Onlooker But then, despite his swelling shed of tailored tools and know- how, there’s all the hobbled things to which he brings no solution but a warm body for looking on, handcuffed as the guy  who turns off the water for the plumber then sits by  crunching little peanuts of small talk about the Braves.     Like lunch with the student  stirred to pour out the backed-up  mess of her parents’ split, or the news story about the next-door town on the other end of the world  who lost its daughters to the blast of an errant missile. He tears up the shed but there is nothing he can find to fit an end-cap on the live wire of such severings, no one to teach him how to put a declarative end-point on the shrapnel of a whole school of girls dying before their periods.
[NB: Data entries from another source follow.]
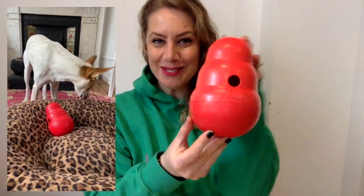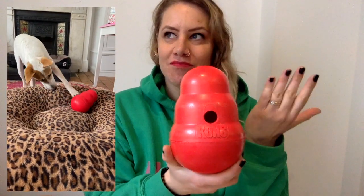Today we are going to talk about this beauty here, and this beauty is the Kong Wobbler. It's a very classic toy — loads of people have already used it — and I thought I would give my honest opinion about the Kong Wobbler.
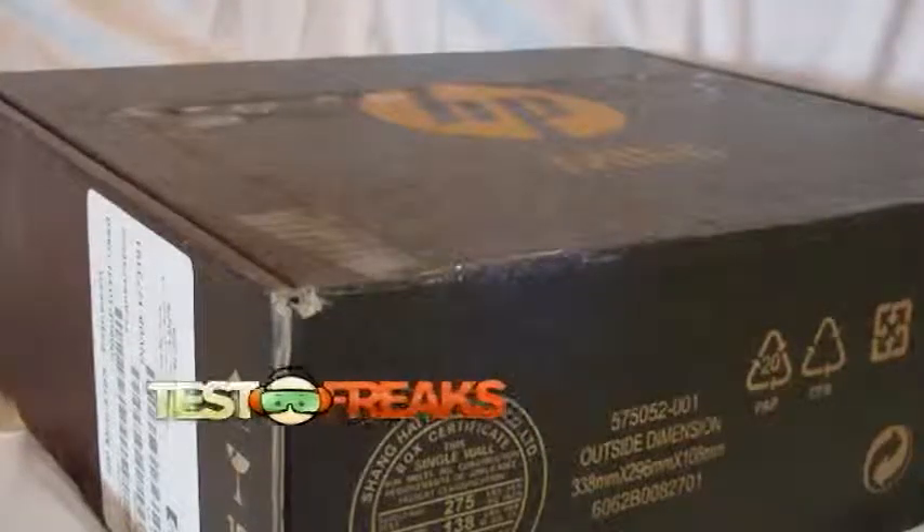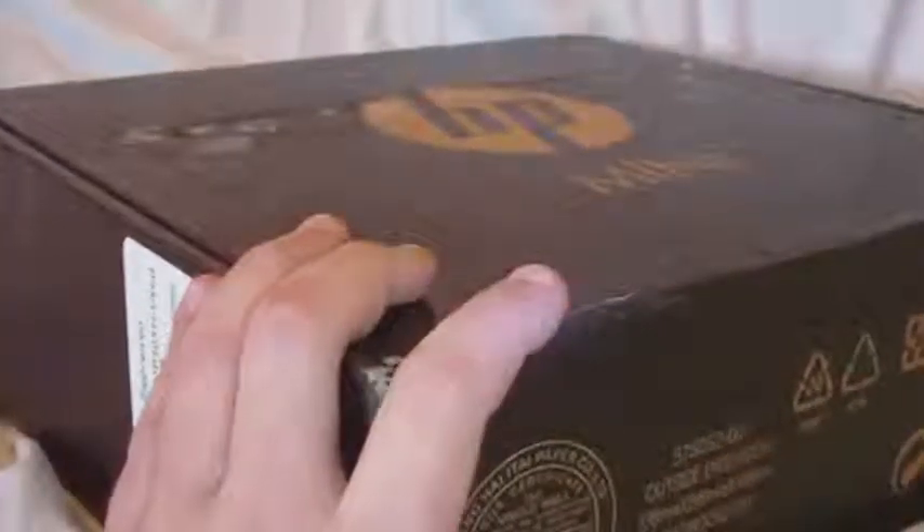Hey, welcome to another edition of Test Freaks Unboxing. Today I have an HP — this is the new HP Mini 5103. This is a review unit, so it most likely doesn't come with everything that a retail one would come with.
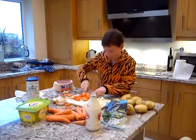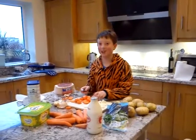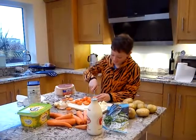And then what are we doing after? After we've peeled all the carrots, what do we do next? Not peeled — chopped. Chopped, okay. What do we do after chopping the carrots?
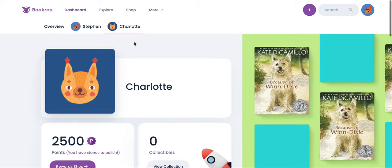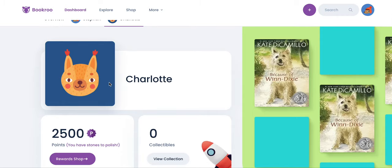To polish a stone, from your reader dashboard you can see a summary of the reading points that you've earned. Click this button to navigate to the reward shop.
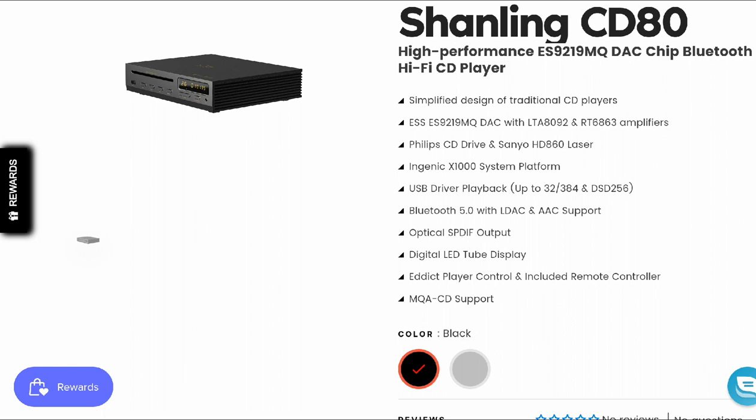As I've said before, Shanling makes very expensive hi-fi products and they've maintained this strategy for the past few years. This new CD80 is going to have a dark inside — you're getting the ESS Sabre 9219MQ Dark chips. There will also be amplifiers inside. This is a very good CD player, but you're definitely going to pay a lot of money for it.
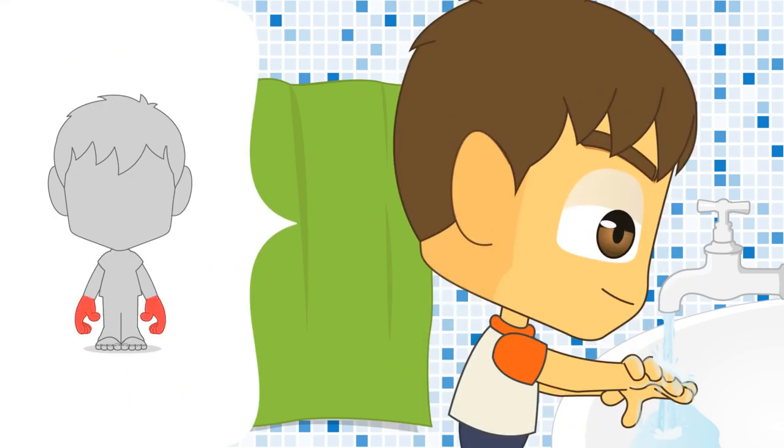Wash both hands up to the wrists, starting with the right hand 3 times, making sure that water has reached between the fingers.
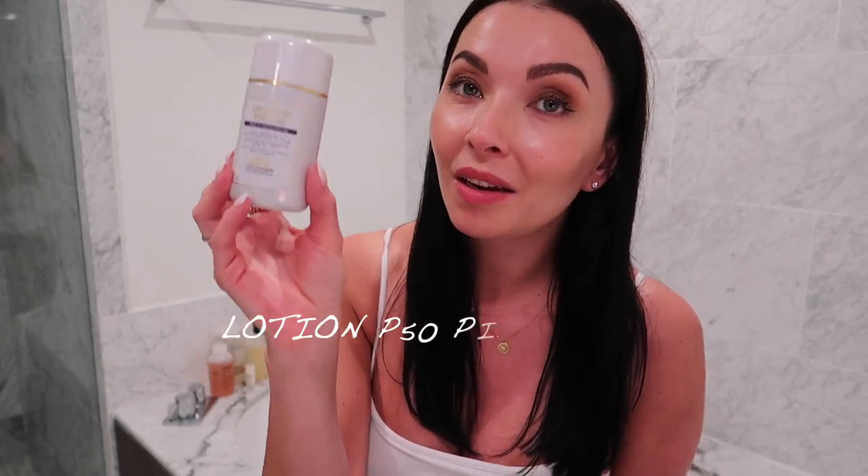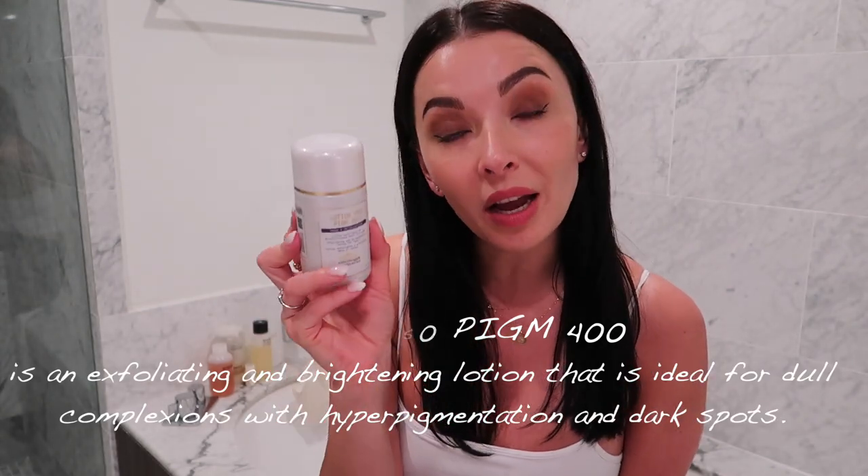The next product is P50 Lotion in Pigment 400. I purchased this because of you guys — I mentioned in previous videos that I use the P50 1970 original, but it's too intense to use twice a day. So I use the 1970 in the evening for an intense boost, and this Pigment 400 in the morning because it's more gentle. It brightens my skin and gives me a beautiful glow in the morning, working in combination with other products.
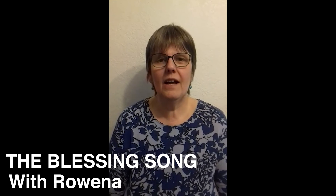So we're coming to the end of our Rise and Shine service for today - we'll be back next Sunday. But for now, Rowena is going to sing our blessing prayer, and I hope you'll all join in with her at home. God in heaven, hear my prayer. Keep me in thy loving care. Be my guide in all I do. Bless all those who love me too. God in heaven, hear my prayer. Keep me in thy loving care.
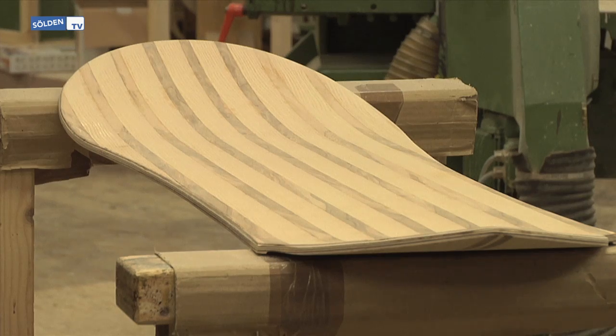So we moved away from Zirbe and came to Larch. It's also a local tree. It's a great native tree. It has a pretty good character — a nice wood. It's not all too hard and it's wonderful to work with.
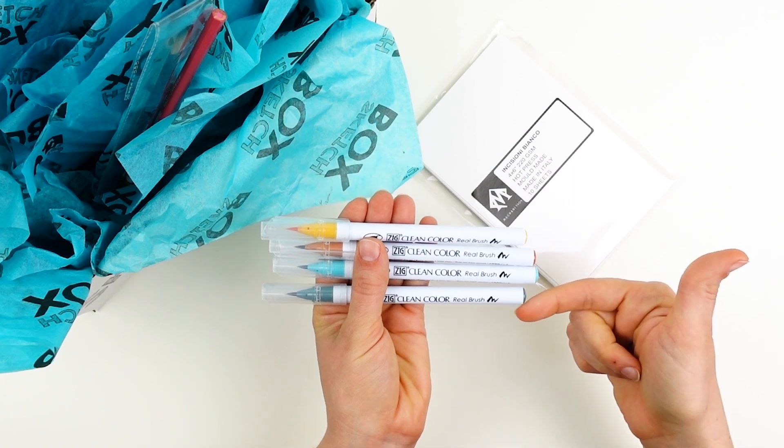What really sets these Zig Real Brushes apart, however, is that they are water-soluble. So you can choose to use them dry just like I'm doing here, or you can use water to wet the pigment and move it around like paint. And this gives you a ton of variety when you are working with these materials.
Some fragments insist  to run on and on and on

New Fixture

New Fixture  And having finally gotten down  to climbing up and grounding the green in the junction box,  at last we canned the old canned fixture   and a new light shone in the living  room, our new living room  by the way things seen  in a new light are new things,  like this child of mine I’m forever running after  even as she sits  on the couch across from me, yesterday’s big truck  again pulling up the street and out  of reach as a pigtail dangles  out the back like a power cord.

Repair

Repair Washing machine this week, Sunday last  the nook behind the dishwasher   his self-sized cathedral. Week before that he told his therapist the fear,  the one rolled tight in him  like a snapped Achilles, and in return   the shrink didn’t try to fix it but said  it was good to be said, how he had seen  his own a week ago to say  some things that bore saying, that that was how this thing works.  He doesn’t know how this thing works, the mechanics too tight to see and if he could still well- beyond his expertise, but he knows  he’ll be here again next week in another tight spot, sweating    in the work of repairing  what repairs the dirty dishes,  the growing mound of soiled socks.

Becoming III

Becoming III Maybe it’s as simple as you just start doing the type of things  the person you want to be  does. Maybe those people  who seem to slip so seamlessly  into their skin just took the in- complete on their definition of self and got on with it. Maybe  kindness is the best way to become one of those kind people,  or not speaking so much  a sure step toward the contemplative type. And forgive me, of course it’s never  that simple, but even now  a four-year old bends over  the orange strawberry,  neither one too ripe to quit  willing the other into sweet red.

Foundation Dilemma

Foundation Dilemma  He knows that to really get  under the comforters and tidy up the bed- rock the house must  be stripped like sheets, the fitted one he has  worked so tirelessly to keep  cornered must be utterly de- paired: insulation from sheetrock,  sheetrock from studs,   patched pipes popping  from couplings like cut veins  till nothing remains but a soup  of sewage and what once was dry-   wall. And he’d pray for such a severing storm, even swing  himself the sledge, could he be sure the children  would emerge from the wreckage clear- eyed and assuring they understood how necessary the nightmare to such a crisp, unshakeable morning.